According to a report from Morgan Stanley, Macau’s gross gaming revenue is expected to reach MOP 11.2 billion ($1.39 billion) in February. The brokerage said the hub’s gaming demand remains strong post-Chinese New Year, with casino traffic and minimum bets staying high, despite the city typically becoming quiet after the holidays.

Morgan Stanley analysts Praveen K Choudhary and Gareth Leung note China’s air capacity to Macau recovered to 70% of pre-Covid levels in February, an encouraging sign in the premium mass market as most higher-end customers travel by air. 

Furthermore, the average hotel occupancy rates and daily room rates also remain robust after the Chinese New Year Holiday holiday. Rates appear to be stronger than pre-pandemic levels,  with 9 out of 25 surveyed hotels reporting being fully booked from February 18-24, based on a survey conducted by the brokerage.

Current average daily room rates are doing even better than the May Golden Week 2021, the best holiday since Covid, and most of the hotels registered much stronger room rates compared with the figure reported in 2019, as reported by Macau Business.

The gross gaming revenue for the first week of February was tracking at MOP 376 million per day ($46.5 million), a 36% increase year-over-year, and 31% higher than January’s daily gross gaming revenue.

As Chinese package tours resumed on February 6, Morgan Stanley analysts expect February’s gross gaming revenue at MOP11.2 billion, representing 44% of the figure recorded in the same period in 2019.

The brokerage said that if February’s gross gaming revenue turned out strong, the market could revise its 2024 estimates upwardly.

In January, Macau’s gross gaming revenue climbed 82.5% from a year earlier to 11.6 billion patacas ($1.4 billion).
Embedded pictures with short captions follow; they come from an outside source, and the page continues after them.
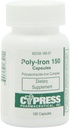 栄養補助食品 - ポリ鉄カプセル150mg(100枚/瓶) Cypress Pharmaceutical #185-01(100枚)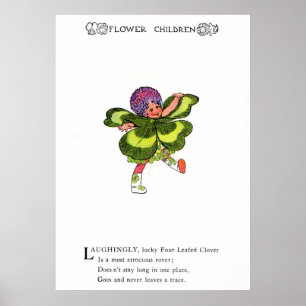 Four-Leafed Clover Poster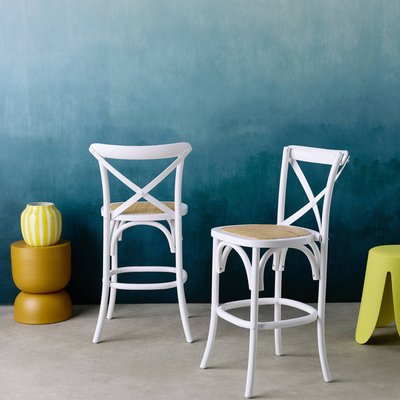 Chaise Bistrot haute couleur laqué - Image 30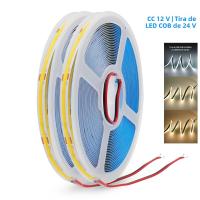 Tira LED COB Flexible 5M/10M 12V/24V 320Leds/M 4000K 6000K Luz Fila De LED Alta Densidad Calor Natural Blanco Para Decoración De Hogar - details 14
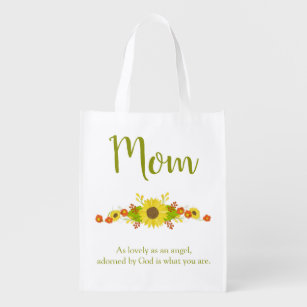 sunflower reusable shopping bolsas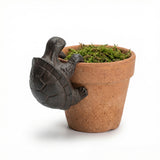 cast iron turtle pot hanger decorative turtle planter clip for flower pots and plant displays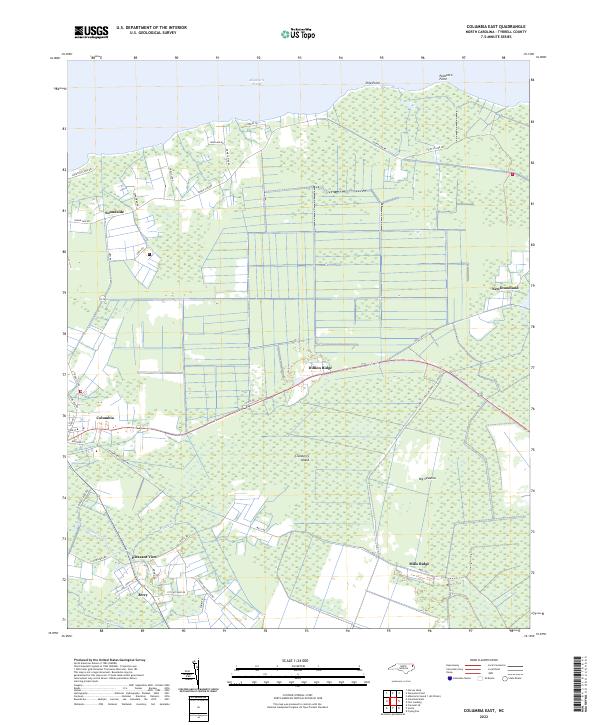 Columbia East topographic map thumbnail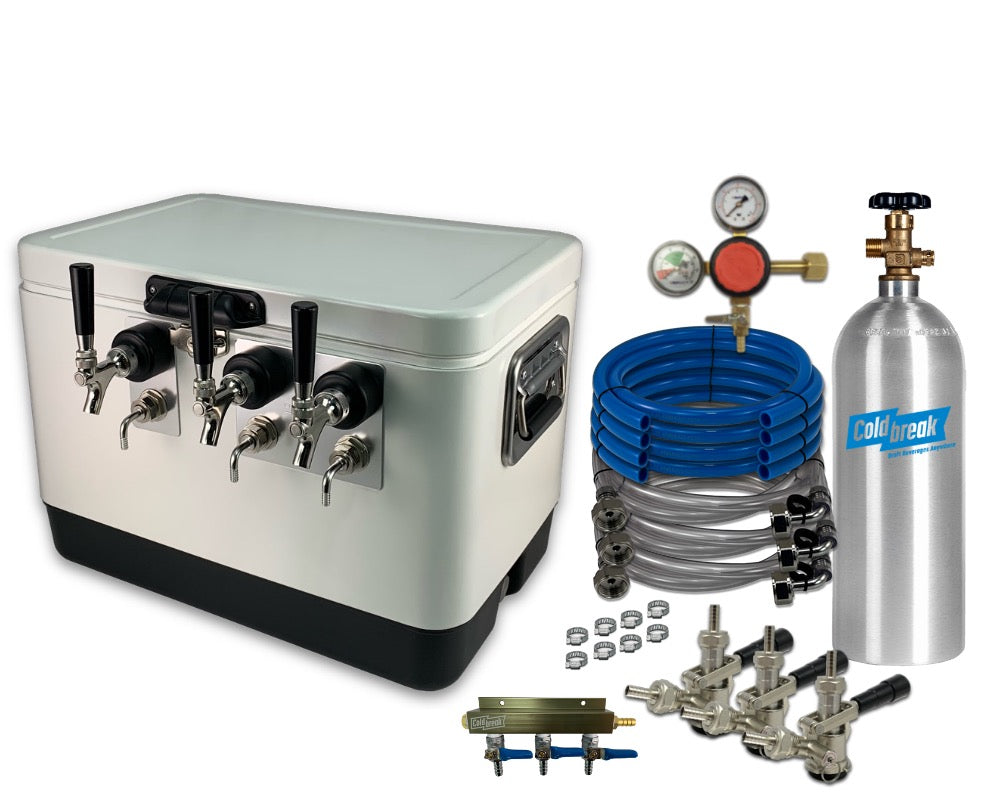 3-Tap Jockey Box, Front Inputs, Dispensing Kit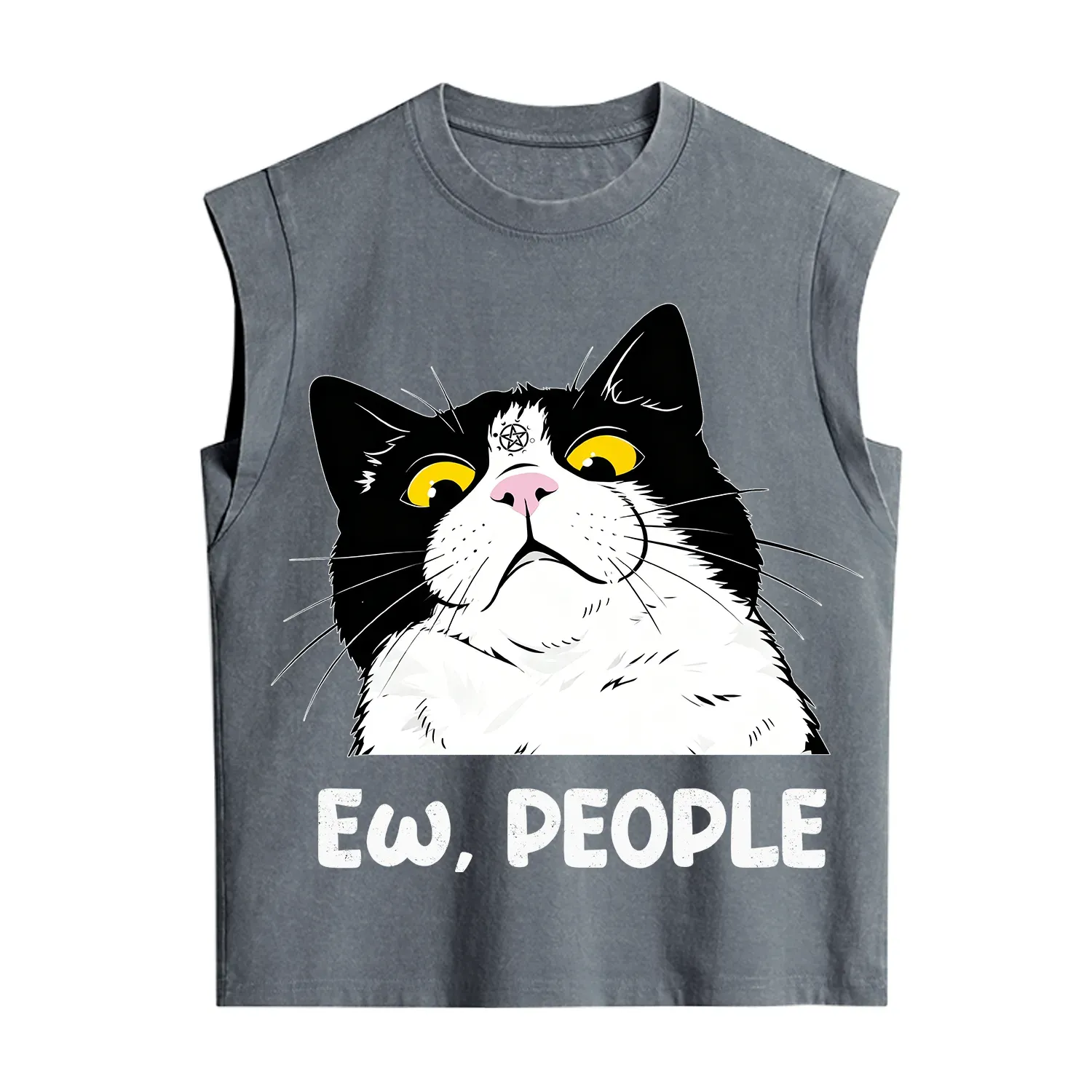 Purplehecate Ew People Cat Vintage Washed Tank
The figures beat the median estimate of a 36.5% increase, according to analysts surveyed by Bloomberg

Last month marked the first rise since February last year and the highest monthly revenue since January 2020. The recovery followed 10 consecutive months of double-digit declines as Covid Zero policies and a crackdown on cross-border gambling kept casinos mostly empty for much of 2022.